After all the hype about Cunningham and his awesome set of wideouts—Carter and rookie Randy Moss—the game's offensive hero was Falcons quarterback Chris Chandler, who two years ago was an injury-prone journeyman. On Sunday, Chandler completed 27 of 43 passes for 340 yards and three touchdowns without an interception, but he was even better than those numbers suggest. Displaying the cool precision of the heart surgeons who performed a quadruple bypass on Reeves in mid-December, Chandler stitched together the day's three most significant scoring drives: a 12-play, 76-yard touchdown march to start the game; a 71-yard drive in the final two minutes that ended in a 16-yard touchdown pass to wideout Terance Mathis with 49 seconds left in regulation; and the 10-play, 70-yard pilgrimage to Mecca on the Falcons' second overtime possession.
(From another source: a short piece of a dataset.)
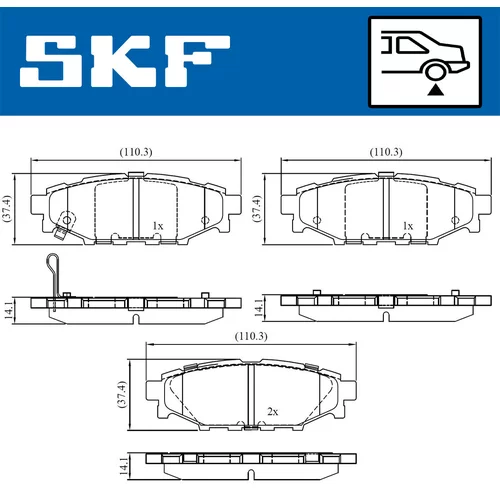 Sada brzdových platničiek kotúčovej brzdy VKBP 90357 A /SKF/ - obr. 1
Equally clutch was the Atlanta defense, which by game's end had rattled Cunningham out of his comfort zone, causing the sort of jittery play that had plagued him throughout his long career with the Philadelphia Eagles. After the Vikings took a 20-7 lead late in the first half, the Falcons held them to seven points in their final 10 possessions. "There were times when he looked like the old Randall—when he was trying to win it by himself," said Atlanta safety Eugene Robinson, whose lunging breakup of a Cunningham bomb to Moss at the Falcons' 13 set up Atlanta's game-winning possession.
Still, Minnesota came within inches of icing the game. With 2:11 remaining in regulation and a seven-point lead, and with the Falcons down to one timeout, the Vikings' Gary Anderson lined up for a 38-yard field goal. Anderson hadn't missed a kick since 1997; he had nailed all 39 of his field goal attempts after joining Minnesota in '98, including a 29-yarder and a 35-yarder earlier on Sunday. So, naturally, Anderson pulled this one about a foot to the left. "Once he missed," said Atlanta tackle Bob Whitfield, "you could see the light in everybody's eyes. It was like our fate was now in our hands."
Or was it, more specifically, in Buchanan's hands? The cornerback said that he "felt a little leather" as Anderson's kick whizzed past his outstretched arms. Six plays after hurting his knee, Buchanan had rushed around the right side of the Minnesota line and soared like Internet stock. "If the kick had been on line," Buchanan said, "it probably would have hit me in the face mask."
All day long Buchanan was a Dirty Bird doing dirty work, beginning with his war of words against the ultrareligious Carter. At one point, according to Buchanan, Carter said, "You either gotta be livin' for God or livin' with the devil." Buchanan shot back, "Yo, Cris, come on—I'm trying to talk some football trash here." Buchanan backed up his yapping, holding his own against Carter and Moss. In his most impressive feat, he ended the Vikings' opening overtime possession by going over the back of the 6'4" Moss to bat down a tipped pass.